Von den Regierungsgeschäften ist Johnson ja derzeit - trotz der akuten Krise - ohnehin befreit. Seine derzeitige Vertretung, Außenminister Dominic Raab, erzählte der britischen Presse, dass er schon seit Samstag nicht mehr mit Johnson gesprochen habe. Dieser solle sich ganz auf seine Gesundung konzentrieren können. Der Höhepunkt der Pandemie ist in Großbritannien nach Ansicht von Experten noch nicht erreicht. Bis Mittwochabend wurden der Regierung zufolge 881 neue Todesfälle verzeichnet. Insgesamt stieg die Zahl der Toten damit auf knapp 8000. Nicht eingerechnet sind dabei bislang die Sterbefälle in Pflegeheimen. Die Zahl der positiv getesteten Personen in Großbritannien stieg auf 65 077.

 

Bei Krisensitzung angesteckt

Inzwischen aber wird immer deutlicher, wo sich der Premier, wo sich aber auch andere Mitglieder seiner Regierung wie Gesundheitsminister Matt Hancock, oder Johnsons Chefberater Dominic Cummings angesteckt haben könnten. Seit Ausbruch der Corona-Pandemie in Großbritannien hält die Regierung täglich Krisensitzungen in Downing Street ab. Diese sogenannten "Cobra-Meetings" (nach Cabinett-Office-Room) sind mit sämtlichen Spitzen der Regierung und ihren Experten für die Krise besetzt.

Chef-Epidemiologe als Virenquelle

Einer davon, der Epidemiologe und Mathematiker Neil Ferguson, hatte sich schon am 18. März in der Öffentlichkeit als Corona-infiziert gemeldet. Danach zog er sich in Quarantäne zurück. Doch bei den Sitzungen in den Tagen zuvor könnte er zahlreiche Spitzenpolitiker angesteckt haben, spekulieren britische Medien, ausgerechnet also zu dem Zeitpunkt, als die britische Regierung beschloss, endlich strikte Ausgangsbeschränkungen zu verhängen. Zuvor hatte Johnson ja auf die unkontrollierte Ausbreitung der Krankheit und die sogenannte "Herdenimmunität" gesetzt.

"Gut gelaunt"

Seit Mittwoch Morgen aber kommen von Johnson gute Nachrichten aus dem Londoner St. Thomas-Krankenhaus. Der Zustand des britischen Premierministers ist nach Regierungsangaben weiterhin stabil. „Er fühlt sich wohl und ist gut gelaunt“, berichtete Gesundheits-Staatssekretär Edward Argar am Mittwoch dem Fernsehsender ITV. Der Regierungschef müsse nach wie vor nicht an das Beatmungsgerät angeschlossen werden. Der 55-Jährige liegt seit Montag wegen seiner Coronavirus-Infektion auf der Intensivstation.

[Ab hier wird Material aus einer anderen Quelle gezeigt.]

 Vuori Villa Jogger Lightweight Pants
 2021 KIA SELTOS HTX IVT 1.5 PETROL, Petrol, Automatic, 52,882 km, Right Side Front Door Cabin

Nach einem Bericht der Times ist auch Johnsons hohes Fieber zurückgegangen. Er wird im Krankenhaus von Richard Leach behandelt, der als führender Lungenfacharzt Großbritanniens gilt, wie der Telegraph berichtete. Eine Regierungssprecherin wollte die Berichte auf Anfrage der dpa nicht kommentieren.

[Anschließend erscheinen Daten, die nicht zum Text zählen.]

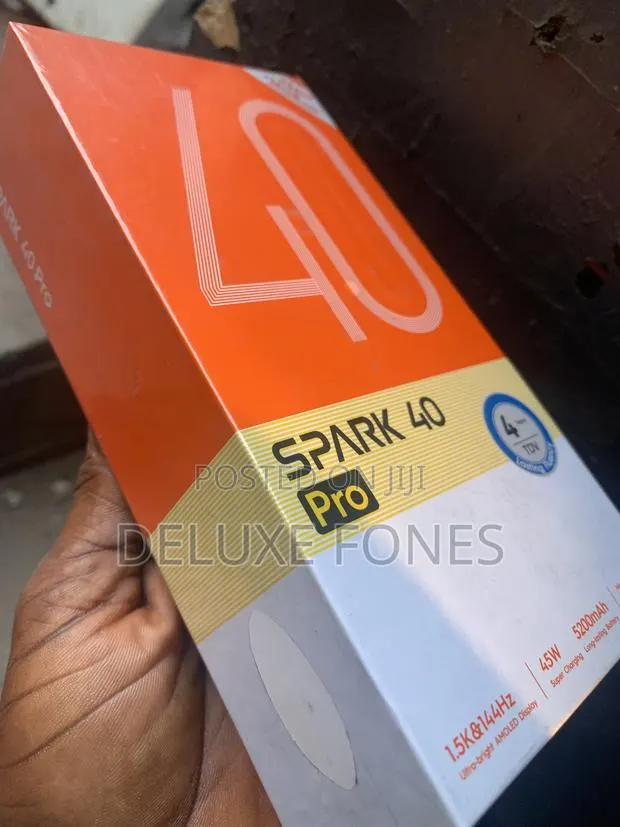New Tecno Spark 40 Pro 256 GB Black · Photo 1
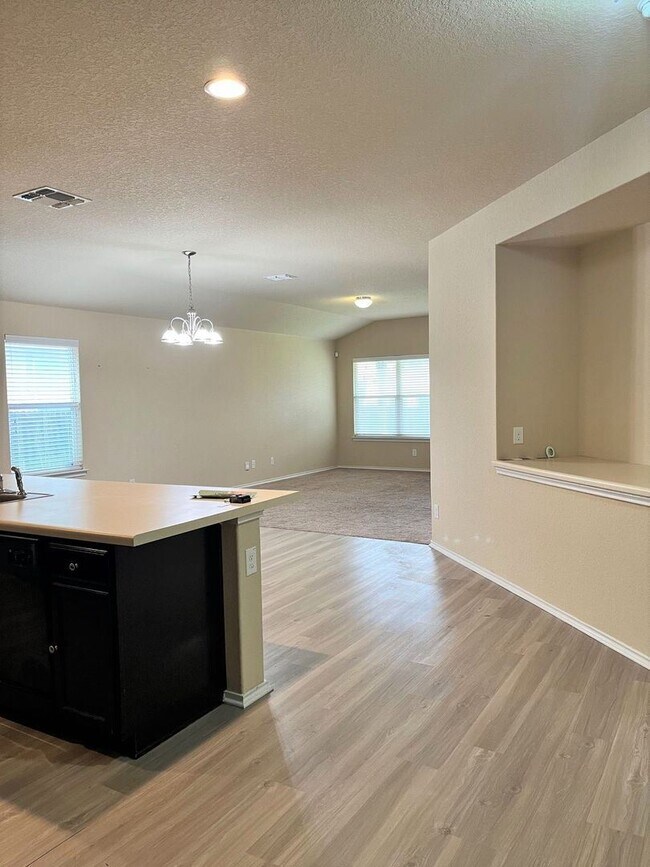 Building Photo - 4 br, 2 bath House - 3538 Robin Mdw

Zweifel an Handlungsfähigkeit der Regierung

Der Premier war am Montag im St. Thomas' Hospital wegen seiner anhaltenden Corona-Beschwerden untersucht worden, als sich plötzlich sein Zustand deutlich verschlechterte. Johnson hatte am 27. März mitgeteilt, dass er sich mit dem neuartigen Virus angesteckt hat.

Zunächst arbeitete er in Isolation in der Downing Street weiter, wirkte aber in seinen Videobotschaften angeschlagen. Inzwischen hat Außenminister Dominic Raab auf Wunsch von Johnson die Regierungsgeschäfte übernommen. Raab gilt als ehrgeiziger, erfahrener Politiker, gleichwohl kommen in Großbritannien zunehmend Fragen auf, wie handlungsfähig derzeit die britische Regierung überhaupt sei.